BHEF’s Expanding Internships: Harnessing Employer Insights to Boost Opportunity and Enhance Learning revealed that in 2023, while 3.6 million students completed internships, another 4.6 million who sought similar experiences were unable to participate. The labor market value of internships is real, for students, the professionals they become, and their employers alike, with internships and other modes of work-integrated learning producing stronger outcomes in terms of post-graduation employment, career preparation, and career satisfaction. At the same time, AI is impacting the availability of jobs that offer the stepping-stone skills that teach young professionals meaningful foundations in their industry. Eighty-five percent of the rise in unemployment rate since mid-2023 is due to new market entrants who can’t find work, which could be a sign of companies already replacing entry-level jobs with AI.
Traditionally, young professionals have gained valuable skills through internships that help them land an entry-level job.
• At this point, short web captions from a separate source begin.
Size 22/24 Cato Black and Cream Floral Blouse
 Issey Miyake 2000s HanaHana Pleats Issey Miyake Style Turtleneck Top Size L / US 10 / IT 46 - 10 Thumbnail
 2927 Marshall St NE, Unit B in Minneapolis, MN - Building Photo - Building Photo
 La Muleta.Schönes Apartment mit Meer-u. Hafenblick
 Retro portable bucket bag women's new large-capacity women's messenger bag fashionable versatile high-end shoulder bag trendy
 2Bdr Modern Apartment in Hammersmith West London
However, a limited supply of internships relative to the number of students who need them, now further compounded by the disruption of AI, is making it harder for learners and young professionals to gain the work experience they need to be successful. Without early access to meaningful career development, we risk a long-term shortage of the next generation of mid-level professionals and executives. This opportunity gap is especially pronounced in industries where work-integrated learning plays a vital role in preparing talent for the workforce: in finance, professional services, and tech, internships are often a prerequisite to an entry-level job, yet there are not enough opportunities available to meet demand.
While internship job postings data is imperfect and does not always show the full range of work-integrated learning experiences, it still gives us a glimpse into the labor market. There is a key mismatch between industries’ demand for entry-level talent and their supply of internship opportunities, which is an early signal of how well each sector is investing in its own early talent pipeline. Internship supply varies greatly by industry:
Above Average Investment in Internships
Industries like utilities, information, and manufacturing offer the greatest share of internships compared to other industries (30–40% internship job postings as a percentage of entry-level postings). These industries are investing in preparing early talent that they subsequently have a high demand for. But, even in these industries, internships only cover about one-third to two-fifths of entry-level demand. That gap leaves a large share of new hires potentially without formal pre-employment experience, raising questions about how the rest gain critical skills and experience to land that first job.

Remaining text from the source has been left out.